The field of virtual try-on and human animation is rapidly advancing, with a clear trend towards leveraging large multimodal models (LMMs) and diffusion models to enhance the quality, controllability, and versatility of generated content. Innovations are particularly focused on improving text editability, handling significant viewpoint changes, and ensuring lightweight yet effective model architectures. These developments are enabling more realistic and detailed virtual try-on experiences, as well as more dynamic and adaptable human animations. The integration of LMMs is proving crucial for generating detailed descriptions and ensuring high-quality outputs across diverse scenarios.
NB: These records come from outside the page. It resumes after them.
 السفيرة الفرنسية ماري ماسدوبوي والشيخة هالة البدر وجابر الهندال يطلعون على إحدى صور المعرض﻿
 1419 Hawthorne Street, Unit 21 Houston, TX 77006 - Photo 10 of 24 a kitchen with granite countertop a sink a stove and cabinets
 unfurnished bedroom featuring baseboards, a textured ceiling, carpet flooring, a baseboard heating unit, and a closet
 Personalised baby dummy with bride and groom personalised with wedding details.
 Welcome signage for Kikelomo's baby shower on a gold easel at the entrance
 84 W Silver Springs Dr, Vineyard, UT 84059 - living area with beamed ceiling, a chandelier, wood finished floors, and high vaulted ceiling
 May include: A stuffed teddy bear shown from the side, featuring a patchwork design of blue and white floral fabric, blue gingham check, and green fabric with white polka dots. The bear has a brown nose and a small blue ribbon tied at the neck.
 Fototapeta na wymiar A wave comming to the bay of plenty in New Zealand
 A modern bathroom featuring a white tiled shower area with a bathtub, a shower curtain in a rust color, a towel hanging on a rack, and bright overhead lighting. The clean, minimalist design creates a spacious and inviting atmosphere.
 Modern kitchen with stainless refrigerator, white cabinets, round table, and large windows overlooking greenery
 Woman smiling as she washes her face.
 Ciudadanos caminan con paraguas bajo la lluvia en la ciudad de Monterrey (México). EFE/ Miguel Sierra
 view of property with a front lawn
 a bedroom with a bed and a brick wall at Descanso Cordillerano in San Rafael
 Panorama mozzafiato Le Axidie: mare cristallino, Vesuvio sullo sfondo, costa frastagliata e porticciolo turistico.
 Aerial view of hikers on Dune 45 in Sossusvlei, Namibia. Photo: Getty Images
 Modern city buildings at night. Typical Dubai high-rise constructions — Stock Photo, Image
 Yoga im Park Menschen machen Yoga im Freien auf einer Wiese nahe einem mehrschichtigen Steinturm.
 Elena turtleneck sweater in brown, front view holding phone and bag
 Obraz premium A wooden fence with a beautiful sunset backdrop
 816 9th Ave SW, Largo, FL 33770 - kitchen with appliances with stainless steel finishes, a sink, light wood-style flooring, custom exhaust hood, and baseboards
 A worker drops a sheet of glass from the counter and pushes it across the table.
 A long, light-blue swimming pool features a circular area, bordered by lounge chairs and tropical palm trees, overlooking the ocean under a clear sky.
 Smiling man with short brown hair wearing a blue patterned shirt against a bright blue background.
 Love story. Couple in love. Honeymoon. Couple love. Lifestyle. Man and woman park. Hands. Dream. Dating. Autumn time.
Additionally, the field is seeing a move towards more interactive and automated garment estimation, generation, and editing, facilitated by advancements in vision-language models (VLMs).
Noteworthy Papers
- PromptDresser: Enhances virtual try-on by leveraging detailed text prompts for high-quality and versatile clothing manipulation.
- Free-viewpoint Human Animation: Introduces a pose-correlated reference selection strategy to support substantial viewpoint variations in human animation.
- DreamFit: Offers a lightweight solution for garment-centric human generation, ensuring high-quality results across diverse scenarios.
- ChatGarment: Automates garment estimation, generation, and editing through interactive dialogue, leveraging large vision-language models.